Software update glitch leads to Google Cloud outage
Thu 25 Aug 2016
Google has officially apologised to its U.S.-Central cloud customers after a software update glitch led to high error rates and latency.
The incident, which caused issues for almost two hours, occurred after a software update was carried out on traffic routers while data was being moved between data centres.
Google Cloud’s status page noted: ‘The incident was triggered by a periodic maintenance procedure in which Google engineers move App Engine applications between datacenters in US-CENTRAL in order to balance traffic more evenly.
‘As part of this procedure, we first move a proportion of apps to a new datacenter in which capacity has already been provisioned. We then gracefully drain traffic from an equivalent proportion of servers in the downsized datacenter in order to reclaim resources. The applications running on the drained servers are automatically rescheduled onto different servers.

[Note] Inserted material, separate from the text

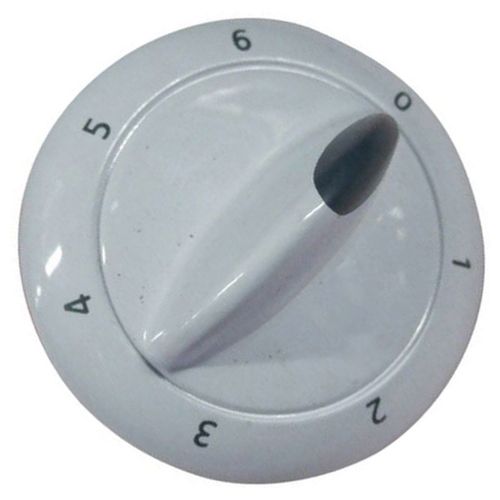 Manette gaz + four - Four, cuisinière (42054185 FAR)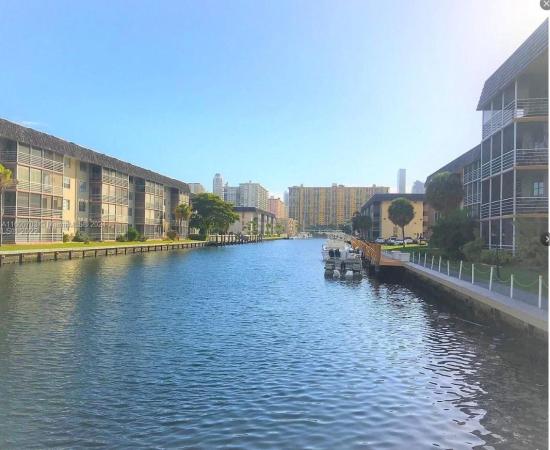 Eden Isles, 3600 NE 170th St #308D, North Miami Beach, Florida 33160, image 1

‘During this procedure, a software update on the traffic routers was also in progress, and this update triggered a rolling restart of the traffic routers. This temporarily diminished the available router capacity.’

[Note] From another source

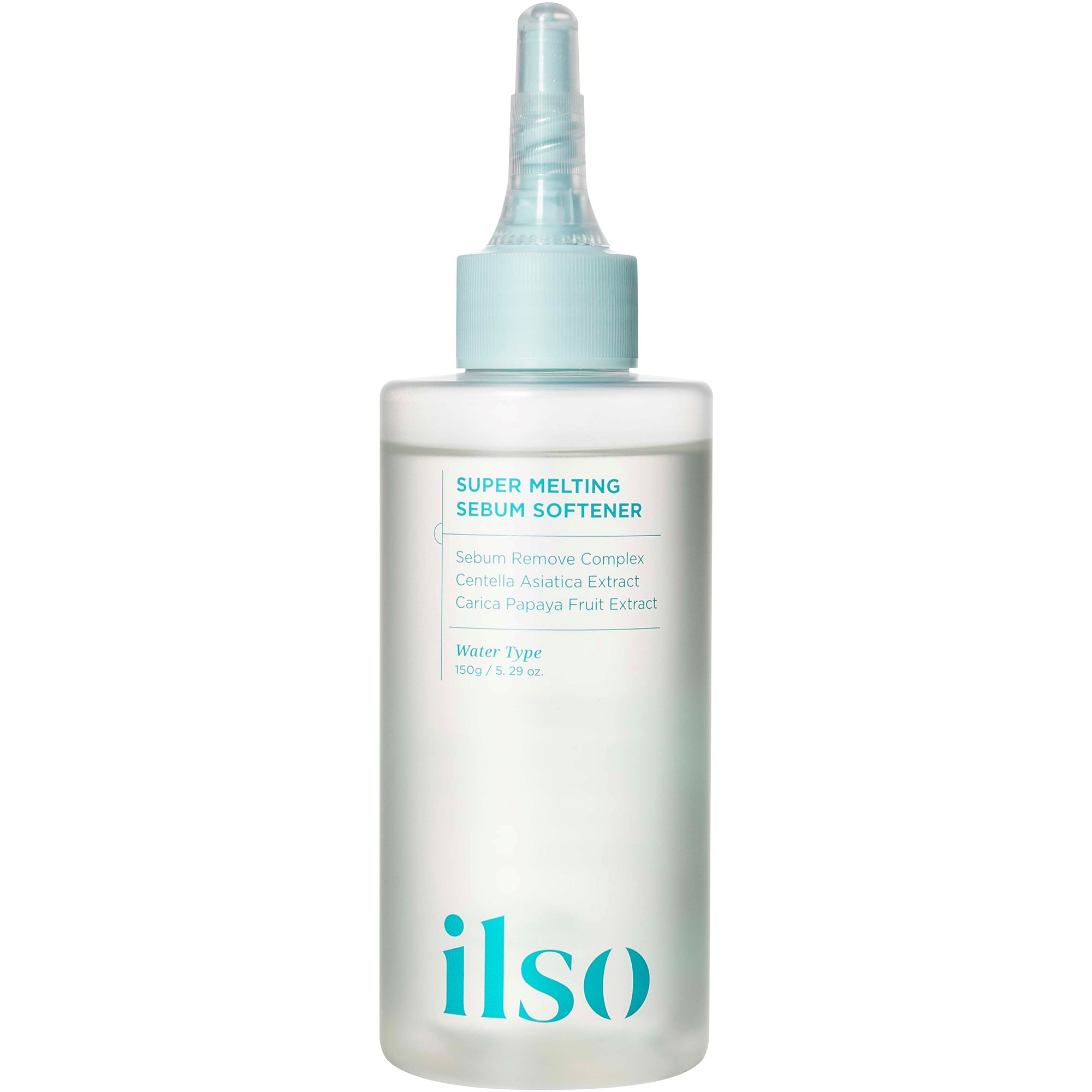 ilso Super Melting Sebum Softener 150 g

21% of applications in Google App Engine, hosted in the U.S.-Central region, experienced error rates of above 10%. 16% of applications also saw lower error rates. The problem lasted from 13:13 to 15:00 PDT on Thursday 11th August.

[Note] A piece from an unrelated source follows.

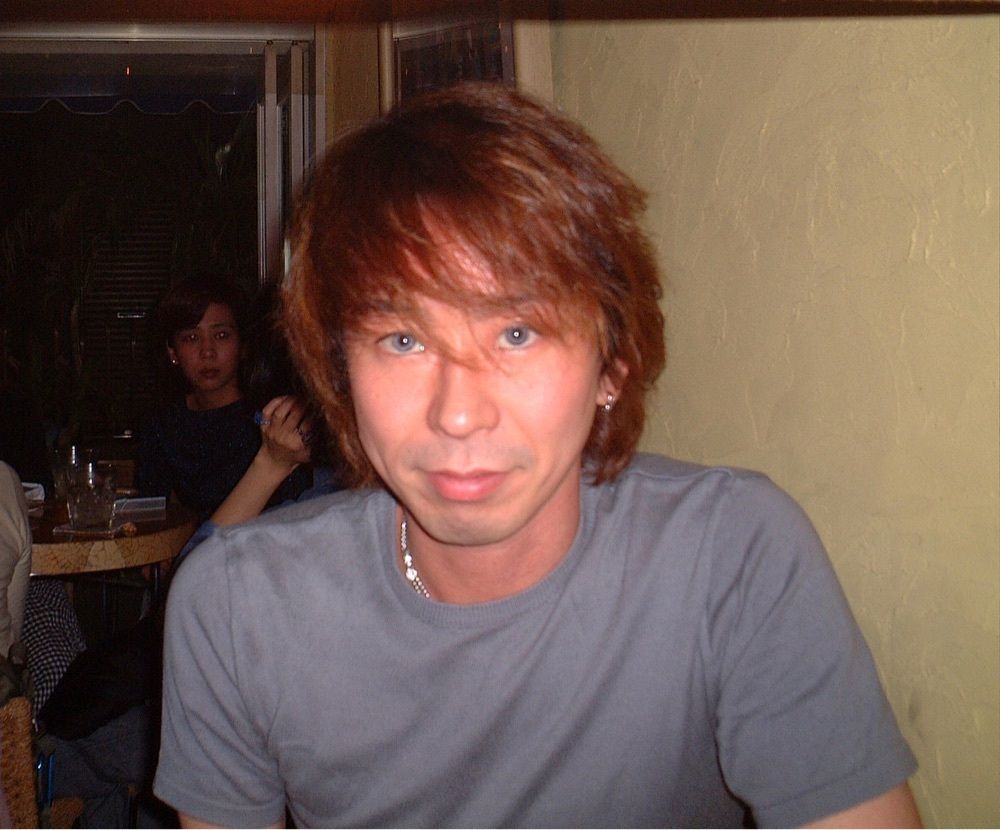 笹尾 宏一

Google explained that its App Engine had automatically redirected requests to other data centres to reduce the overload. It added that engineers had also manually redirected traffic at 13:56 PDT.
The company said that fixing a configuration error which caused an imbalance of traffic at the other facilities had fully restored services.
Google confirmed that it has increased its traffic routing capacity in order to prevent further issues of this kind in the future. ‘We will also change how applications are rescheduled so that the traffic routers are not called and also modify that the system’s retry behavior so that it cannot trigger this type of failure.
‘We know that you rely on our infrastructure to run your important workloads and that this incident does not meet our bar for reliability. For that, we apologize.’